Saturday, 9 August 2014
Which camera to buy for photography?
Back to Basics: which is the best camera for dental photography?
Which is the best camera for dental photography is a question that still remains unanswered for millions of dentists world-wide. This particular blog aims to reduce the confusion amongst the minds of the dentists and help them choose a camera for dental photography.
Let’s begin with what we should expect from an Ideal camera for dental photography…
Listed below are the expectations from an ideal camera for dental photography and on the right hand side a few popular camera types. For every point on the left marks have been given under each camera type on a scale of 1 to 5 depending upon how much they hold true to that particular point.
(Click to enlarge)
(Click to enlarge)
It is extremely clear from the figures above that a DSLR camera has no real competition when it comes to serious dental photography.
A bridge camera is not for serious photographers while sub-compact (point and shoot) and mobile phone camera come under least preferred category of usage.
Let me share a note from Wikipedia over here…

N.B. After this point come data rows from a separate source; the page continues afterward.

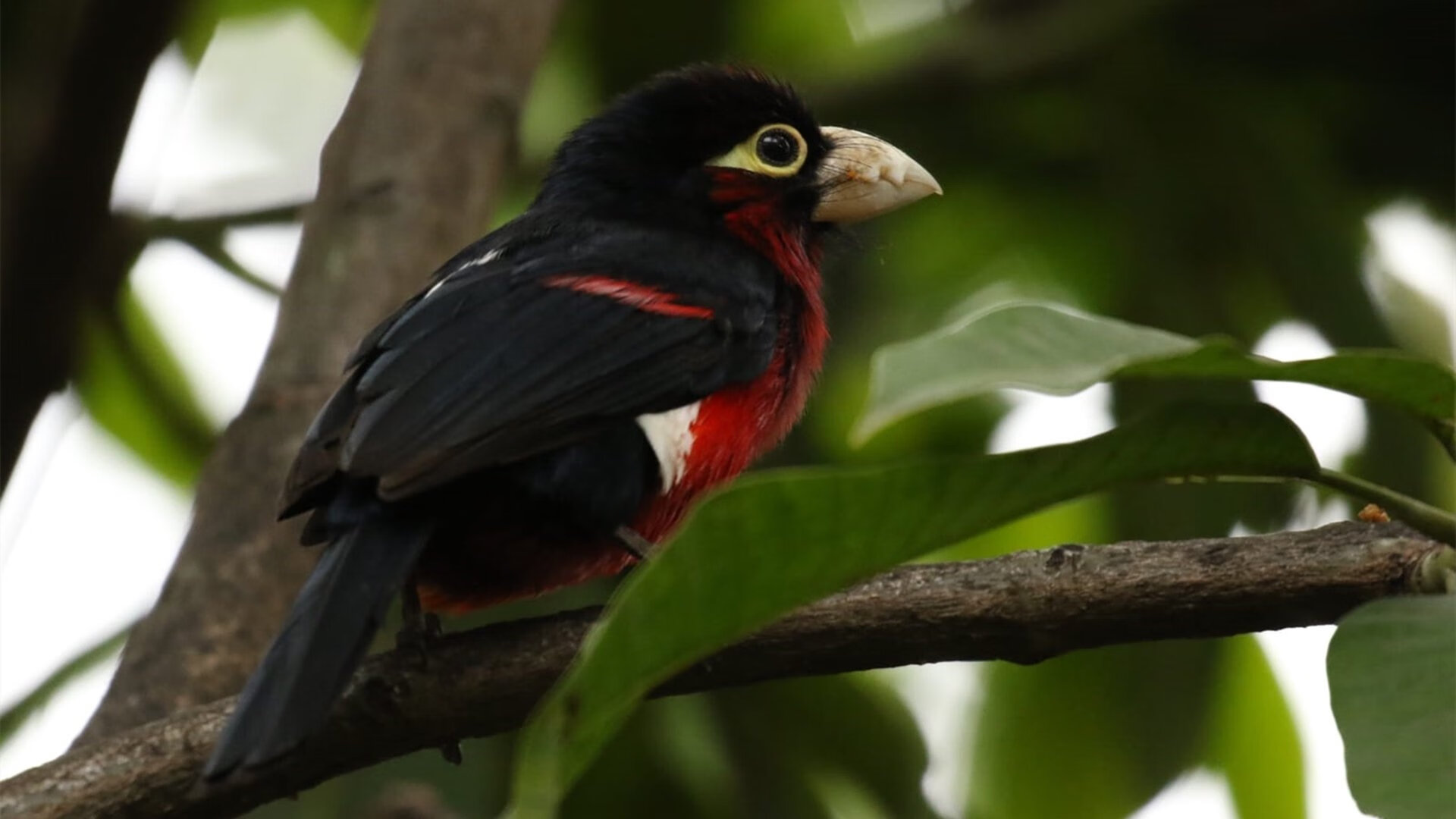 熊猫体育入口-跳水决赛突尼斯男将冲击奖牌，2016跳水视频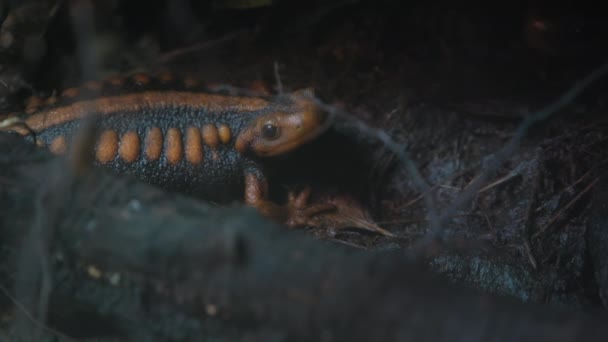 Eine Nahaufnahme Einer Taylototriton Amphibie Auf Baumwurzeln Mit Blättern Wald — Stockvideo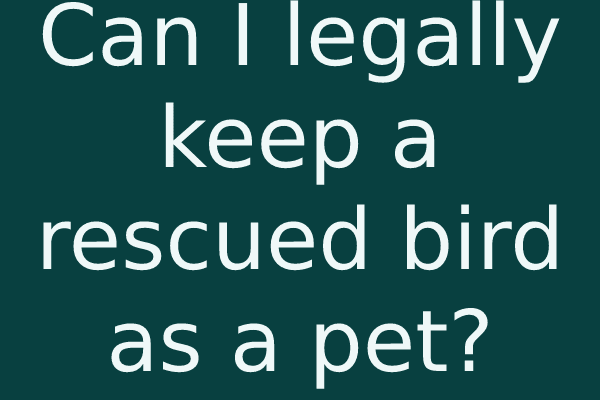 Can I legally keep a rescued bird as a pet?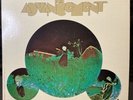The Advancement Self Titled  1970 Stereo LP PHS 600-328 Mono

“A point-and-shoot camera is a still camera designed primarily for simple operation. They are popular with people who do not consider themselves photographers but want an easy to use camera for snapshots of vacations, parties, reunions and other events. Point-and-shoot camera sales declined after about 2010 as smartphones overtook them in such uses.”
About DSLR (Digital Single lens reflex) Camera:
DSLR Cameras are increasingly becoming a type of camera that is in the reach of the average photographer as prices fall and as manufacturers develop more user friendly models.
DSLR stands for “Digital Single Lens Reflex”. In simple language, DSLR is a digital camera that uses mirrors to direct light from the lens to the viewfinder, which is a hole on the back of the camera that you look through to see what you are taking a picture of.
When you look through the viewfinder on the back of the camera, whatever you see is exactly what you are going to get in the photograph.
The scene that you are taking a picture of passes through the lens in a form of light into a reflex mirror (#2) that sits at a 45 degree angle inside the camera chamber, which then forwards the light vertically to an optical element called a “pentaprism” (#7). The pentaprism then converts the vertical light to horizontal by redirecting the light through two separate mirrors, right into the viewfinder (#8).
When you take a picture, the reflex mirror (#2) swings upwards, blocking the vertical pathway and letting the light directly through. Then, the shutter (#3) opens up and the light reaches the image sensor (#4). The shutter (#3) remains open for as long as needed for the image sensor (#4) to record the image, then the shutter (#3) closes and the reflex mirror (#2) drops back to the 45 degree angle to continue redirecting the light into the viewfinder.
Conclusion: If you require a true distortion free image for your dental practise with wide variety of settings and good flash and lens attachment options always insist on a DSLR.